One of the best things about being married is that your spouse thinks of things that never occur to you. . . like yesterday afternoon when Kathy implored me to take a stroll with her through our yard.   Not to do anything in particular.  Just to enjoy its beauty.   I’m embarrassed to say that such a notion would almost never occur to me on my own-  Nine times out of ten it is a specific task that draws me off of the couch and out into the yard.   Once I’m there,  I become Mr. Earth Day – truly enchanted by everything I see. . .  but it’s scary to think of how seldom I would ever venture out into the yard for no particular reason.  (And how dumb is that?)

And here’s another reason why I’m glad to have a partner in this life. . . because she so often notices things that I wouldn’t notice myself unless it smashed me in the forehead.    As we strolled through the backyard and walked past our little gazebo (that’s not what it is, but that’s what I call it-  the little wooden structure from which we hang our hammock chairs)  something odd caught Kathy’s eye.  It was a small, shimmering yellow line hanging in the air-  and as she looked a little more closely, she realized that what she was seeing was about a dozen tiny baby spiders crawling up a strand of a spider’s web-  and as she looked down at the ground,  she saw some sort of nest from which many more tiny spiders were emerging and beginning their own climb upwards.
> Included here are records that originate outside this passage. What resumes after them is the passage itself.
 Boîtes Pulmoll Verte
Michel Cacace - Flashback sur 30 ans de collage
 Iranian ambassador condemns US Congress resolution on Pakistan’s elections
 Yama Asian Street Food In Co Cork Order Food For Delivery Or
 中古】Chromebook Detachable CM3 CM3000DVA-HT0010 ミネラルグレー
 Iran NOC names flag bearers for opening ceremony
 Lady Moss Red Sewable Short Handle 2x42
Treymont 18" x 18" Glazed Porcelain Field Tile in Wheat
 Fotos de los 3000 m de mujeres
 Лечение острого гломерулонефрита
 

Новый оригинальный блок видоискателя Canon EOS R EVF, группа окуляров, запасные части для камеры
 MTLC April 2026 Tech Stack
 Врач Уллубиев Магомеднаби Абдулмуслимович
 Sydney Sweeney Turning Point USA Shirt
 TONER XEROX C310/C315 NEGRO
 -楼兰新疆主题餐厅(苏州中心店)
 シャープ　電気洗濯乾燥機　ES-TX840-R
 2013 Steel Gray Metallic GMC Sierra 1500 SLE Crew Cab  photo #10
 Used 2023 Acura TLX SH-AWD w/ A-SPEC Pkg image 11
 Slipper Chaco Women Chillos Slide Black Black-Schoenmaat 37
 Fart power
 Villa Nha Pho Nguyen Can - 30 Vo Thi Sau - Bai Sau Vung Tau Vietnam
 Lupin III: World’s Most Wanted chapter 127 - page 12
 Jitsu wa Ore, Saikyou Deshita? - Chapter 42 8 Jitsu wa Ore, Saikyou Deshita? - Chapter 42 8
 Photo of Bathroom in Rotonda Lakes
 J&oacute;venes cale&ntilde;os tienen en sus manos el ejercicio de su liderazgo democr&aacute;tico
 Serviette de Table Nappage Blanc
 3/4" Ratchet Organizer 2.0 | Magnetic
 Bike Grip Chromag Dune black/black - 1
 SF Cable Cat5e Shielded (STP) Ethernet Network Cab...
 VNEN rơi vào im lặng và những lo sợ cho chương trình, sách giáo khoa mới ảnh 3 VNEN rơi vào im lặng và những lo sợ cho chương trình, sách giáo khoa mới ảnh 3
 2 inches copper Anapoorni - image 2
There had to be hundreds of them and it was an absolutely amazing sight.

You know me….  I ran into the house to get my camera and I spent the next twenty minutes or so trying desperately to get a decent picture that captured what we were seeing.  Someone who knew what they were doing would have probably been successful – but my efforts mostly yielded pictures in which that little procession of climbing spiders was either utterly invisible or terribly blurred.   It was maddening –  and in retrospect, I should have been content with just looking and enjoying.   Finally, a couple of shots yielded decent results,  especially when I pointed my camera at the top of the gazebo where the little tykes were congregating by the hundreds.

I’m no fan of spiders,  but this was a truly breathtaking sight- and it brought back memories of two other such moments from much earlier in my life.  One was the summer before I started college,  when I walked through the big city park in Atlantic and saw a row of trees covered with hundreds and hundreds of monarch butterflies- obviously on their way south.   And a couple of summers later, I remember coming across dozens and dozens of tiny baby frogs that evidently had hatched and were hopping across the road that ran beneath the tower dorms.   Now I have a third Marlin Perkins moment to add to the other two – and maybe this will be enough to get me to spend a little more time out in the Great Outdoors ….  the only way really to see such sights.